I have been using this antenna for many years with excellent results. I get everything (VHF-Lo, VHF-Hi, and UHF) from about 10 miles out.

https://www.amazon.com/Antenna-Sate...jbGlja1JlZGlyZWN0JmRvTm90TG9nQ2xpY2s9dHJ1ZQ==


----------



## lman (Nov 14, 2006)

I had problems picking up a low power major broadcasting station until I installed this antenna. 
https://www.amazon.com/Televes-DATB...&qid=1577856493&sprefix=televe,aps,266&sr=8-4


----------



## jacktechie (Feb 6, 2013)

PBS 22-1 (RF23) is 73 miles away from me. The old Channel Master 4228 eight bowtie antenna which I bought at Fry's for $50 many years ago receives this, but weather, atmosphere conditions breaks up the signal every now and then.

The channel repack will put it at RF5, which this antenna does not cover. I get 7-1 (RF7) about 40 miles away - they also transmit on RF35. I need to do something before I lose this station. There is a VHF/UHF boom antenna sitting on the roof with a few broken elements, but I do not think reception was as good as the 4228. But I may just swap them and see what happens or be crazy and build a yagi and combine the two.

722 (HD) which shows up only around San Francisco on Comcast is not available here. The station is on 200 which is 480i.

What would you do?
Jack


----------



## Mikeguy (Jul 28, 2005)

Isn't San Francisco-based PBS enough to cover you for your PBS needs (or is there something unique for you with PBS 22-1)?


----------



## leiff (Aug 24, 2005)

I'm in SF Bay area North Bay Novato. Can someone recommend me a good roof antenna to reach mount sutro in San Francisco?


----------



## ke3ju (Jan 5, 2004)

The notion that the term "HD Antenna" has anything to do with HD is so laughable, it's not even funny. A TV antenna is a TV antenna, the receiver deciphers the signal, not the antenna.

Sent from my SM-N960U using Tapatalk


----------



## hc130radio (Sep 16, 2004)

Antenna Man is an informative YouTube channel on this topic. He’s also putting out info on ATSC 3.0 based on what he’s learned.


----------



## wizwor (Dec 18, 2013)

hc130radio said:


> Antenna Man is an informative YouTube channel on this topic. He's also putting out info on ATSC 3.0 based on what he's learned.


Antenna Man


----------



## tampa8 (Jan 26, 2016)

SOGLAD said:


> *No end to what will act-up on VHF and UHF! About two years ago our power company arrived to scout the TV "noise spikes" in our neighborhood that were somewhat intermittent... but at LEAST once within 10 minutes??
> 
> I could leave this as a open question for the Group, but to save bandwidth: *It was a thermostat in a fish aquarium about a block away!

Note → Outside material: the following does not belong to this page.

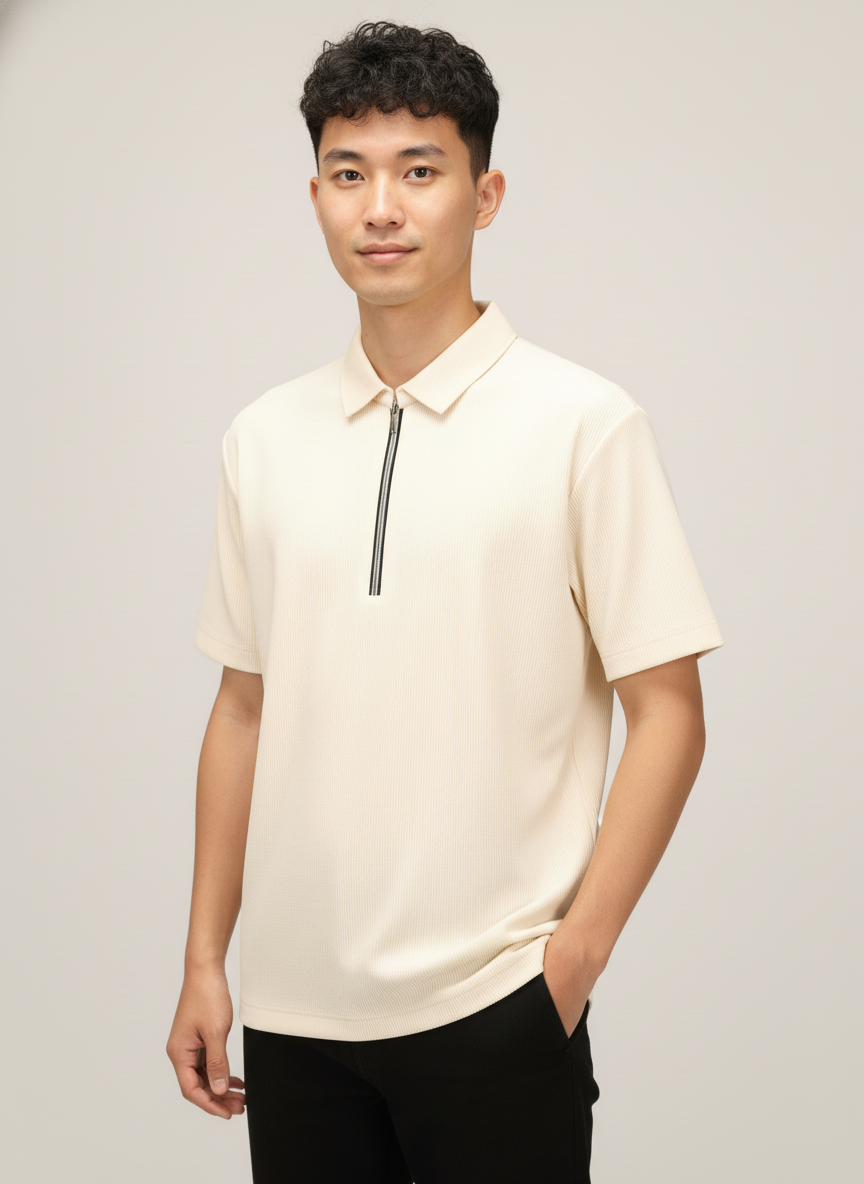 Men’s Vanilla Cream Textured Ribbed Zip Polo T-Shirt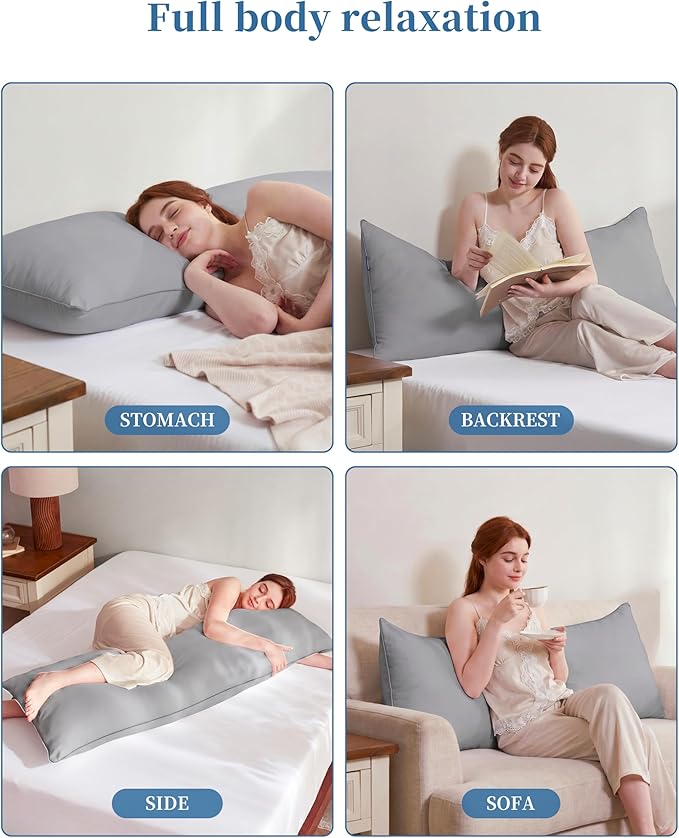 YZ HOME Memory Foam Body Pillow Insert - Full Body Pillow for Adults - Soft Large Long Bed Pillow for Side Sleeper(20x54 Inch, Grey)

I am also an AM radio enthusiast and have heard of fish tank thermostats among many things that interfere with AM. (Lightbulbs, CPAP machines and on and on) But I would not have guessed it would interfere with the digital TV of today.


----------



## SOGLAD (Aug 18, 2019)

lman said:


> I had problems picking up a low power major broadcasting station until I installed this antenna.
> https://www.amazon.com/Televes-DATBOSS-Antenna-Filter-149883/dp/B071ZBKBGC/ref=sr_1_4?crid=KIOAIZ8REXLM&keywords=televes+antenna&qid=1577856493&sprefix=televe,aps,266&sr=8-4


Sorry, but your antenna gave me sticker shock.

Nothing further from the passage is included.